Despite evidentiary disagreements in Setoguchi, both levels of court agreed that while “the hackers accessed and stole the personal information… the appellant had provided no evidence of actual harm or loss” because “there was no evidence the information compromised in the hack was released to anyone other than the hackers in the four years since the hack” (Setoguchi ABCA at para 21). In essence, harm will only be established if there is damage resulting from the data breach.
The inherent harm in a data breach is the loss of control over personal information
The current legal understanding of harm in data breaches fails to recognize the loss of control over personal information as a significant harm. The “cramped understanding of harm harkens back to early conceptions of the common law. Nineteenth-century tort claims required proof of physical injury or property loss” (Risk and Anxiety: A Theory of Data-Breach Harms at 754). However, the defining characteristics of harm have changed, from control over property to control over identity. Control presumes the ability to choose.
Choice is fading. In 2023, the Privacy Commissioner of Canada, cautioned: “In this digital age, the world is at our fingertips, and the price of that convenience is often the sharing of personal information. But… are people aware of [the risks] before they make the choice to share?” A few years earlier, the Commissioner in his letter to the Standing Committee on Access to Information, Privacy and Ethics, described: “In the age of big data… it is no longer entirely clear who is processing our data and for what purposes.” Aggravating matters further, according to the 2020-21 Survey of Canadians on Privacy-Related Issues “the majority of Canadians feel they have not very much or no control at all over how their personal information is used by companies (61%) or by government (65%).”
The above realities have yet to be fully recognized by our courts. To illustrate, the certification judge in Setoguchi noted that the information obtained in the data breach is not private and thus there is no actual loss, because it is information that could have been obtained in “telephone directories of the past” (Setoguchi ABQB at para 45). In response, telephone directories functioned under a subscriber model, where users could opt-out from having their personal information publicly disclosed. There was control over personal information.
In a digital age characterized by rampant loss of control, requiring additional harm or loss from data breaches would be akin to saying to an injured person that unless they can show broken bones, the individual is not injured. The data breach in and of itself is the harm because of the loss of control over personal information.

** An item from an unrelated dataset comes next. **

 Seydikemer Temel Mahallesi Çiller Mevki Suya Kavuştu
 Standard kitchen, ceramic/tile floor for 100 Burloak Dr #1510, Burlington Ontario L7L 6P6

Recent developments in jurisprudence
The loss of control over personal information as an inherent harm is not a foreign legal concept. Privacy itself is defined in jurisprudence as the right of an individual to control personal information.
In 2021, the Federal Court of Canada affirmed that the focus of privacy legislation such as PIPEDA “is on ensuring that individuals can control their personal information, which is intimately connected to their individual autonomy, dignity and privacy” (2021 FC 723 at para 39). Quebec’s Charter of Human Rights and Freedoms contains express protection for “private life”: “Toute personne a droit au respect de sa vie privée.” Notably, this provision allowed the Uber class action pursued in Setoguchi to be certified in Quebec (Fortier c. Uber Canada Inc., 2021 QCCS 4053).
Conclusion
The harm in a data breach is not solely fraud, or a substantial future risk. Rather, the harm is loss of the right to control personal information. Data breach class actions are the most likely vehicle to move courts toward developing the common law in this regard. Courts should not wait for broken bones when injuries are visible and reoccurring.